The hall had about five hundred in it, women mostly, a lot of bald heads, and a dozen or two young men. The chairman, a weaselly minister with a reddish nose, lamented Crumpleton's absence, soliloquised on his influenza, and gave me a certificate as a "trusted leader of Australian thought." There were two policemen at the door and I hoped they took note of that testimonial. Then Sir Harry started.

I never heard anything like it. He didn't begin to know how to talk. He had about a bushel of notes from which he read, and when he let go of them he fell into one prolonged stutter. Every now and then he remembered a phrase he had learned by heart, straightened his back, and gave it off like Henry Irving, and the next moment he was bent double and crooning over his papers. It was the most appalling rot, too. He talked about the "German menace," and said it was all a Tory invention to cheat the poor of their rights and keep back the great flood of social reform, but that "organised labour" realised this and laughed the Tories to scorn. He was all for reducing our navy as a proof of our good faith, and then sending Germany an ultimatum telling her to do the same or we would knock her into a cocked hat. He said that but for the Tories, Germany and Britain would be fellow workers in peace and reform. I thought of the little black book in my pocket A giddy lot Scudder's friends cared for peace and reform.

Yet in a queer way I liked the speech. You could see the niceness of the chap shining out behind the muck with which he had been spoon-fed. Also it took a load off my mind. I mightn't be much of an orator, but I was a thousand per cent better than Sir Harry. I didn't get on so badly when it came to my turn. I simply told them all I could remember about Australia, praying there should be no Australian there—all about its labour party and emigration and universal service, doubt if I remembered to mention trade, but I said there were no Tories in Australia, only Labour and Liberals. That fetched a cheer, and I woke them up a bit when I started in to tell them the kind of glorious business I thought could be made out of the Empire if we really put our backs into it.
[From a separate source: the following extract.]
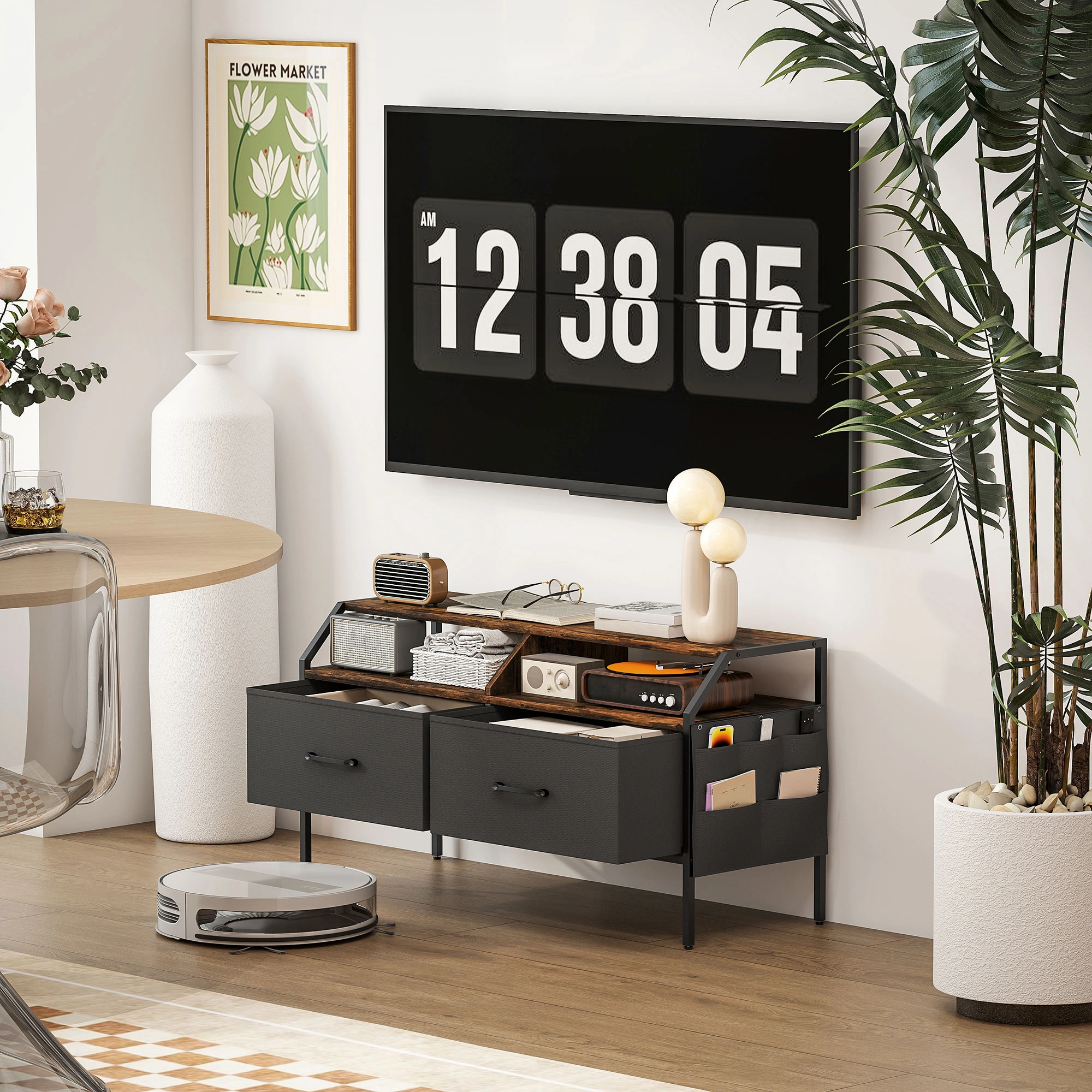 TV Stand TV Cabinet for 55 Inch Television, Modern Entertainment Center with Storage Shelves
Altogether I fancy I was rather a success. The minister didn't like me, though, and when he proposed a vote of thanks spoke of Sir Harry's speech as "statesmanlike," and mine as having "the eloquence of an emigration agent."
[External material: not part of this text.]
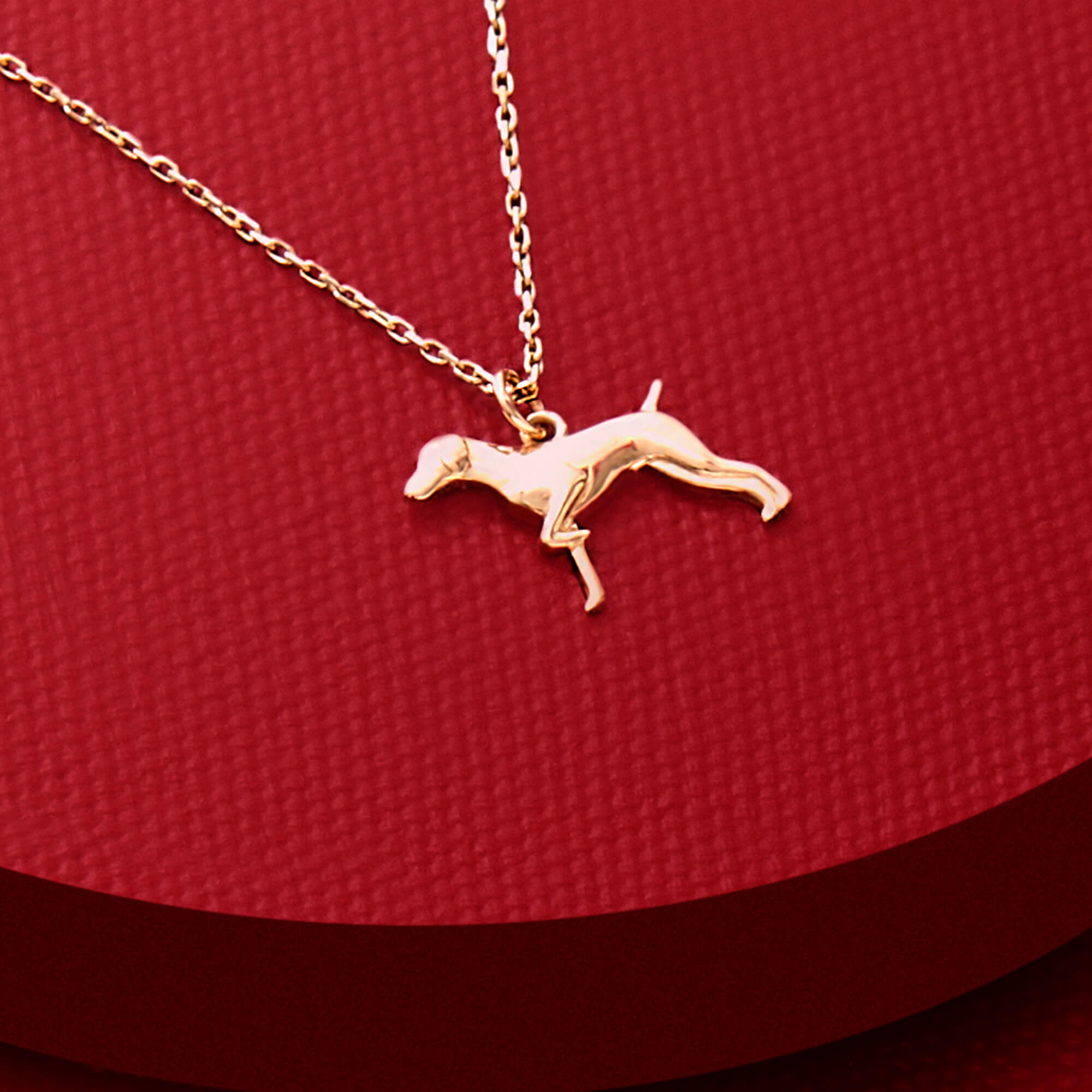 14k Solid Gold Cute Dog Pendant Necklace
When we were in the car again my host was in wild spirits at having got his job over. "A ripping speech, Twisden," he said, "Now, you're coming home with me. I'm all alone, and if you'll stop a day or two I'll show you. some very decent fishing."

We had a hot supper—and I wanted it pretty badly—and then drank grog in a big, cheery smoking-room with a crackling wood fire. I thought the time had come for me to put my cards on the table. I saw by this man's eye that he was the kind you can trust.

"Listen, Sir Harry," I said. "I've something pretty important to say to you. You're a good fellow and I'm going to be frank. Where on earth did you get that poisonous! rubbish you talked to-night?"

His face fell. "Was it as bad as that?" he asked ruefully. "It did sound rather thin. I got most of it out of the Progressive Magazine and pamphlets that agent chap of mine keeps sending me. But you surely don't think Germany would ever go to war with us?"

"Ask that question in six weeks and it won't need an answer," I said. "If you'll give me your attention for half an hour I am going to tell you a story."

I can see yet that bright room with the deers' heads and the old prints on the walls, I Sir Harry standing restlessly on the stone curb of the hearth, and myself lying back in an armchair, speaking. I seemed to be another person, standing aside and listening to my own voice, and judging carefully the reliability of my tale. It was the first time I had ever told any one the exact truth, so far as I understood it, and it did me no end of good, for it straightened out the thing in my own mind. I blinked no detail. He heard all about Scudder and the milkman, and the note-book, and my doings in Galloway. Presently he got very excited and walked up and down the hearth-rug.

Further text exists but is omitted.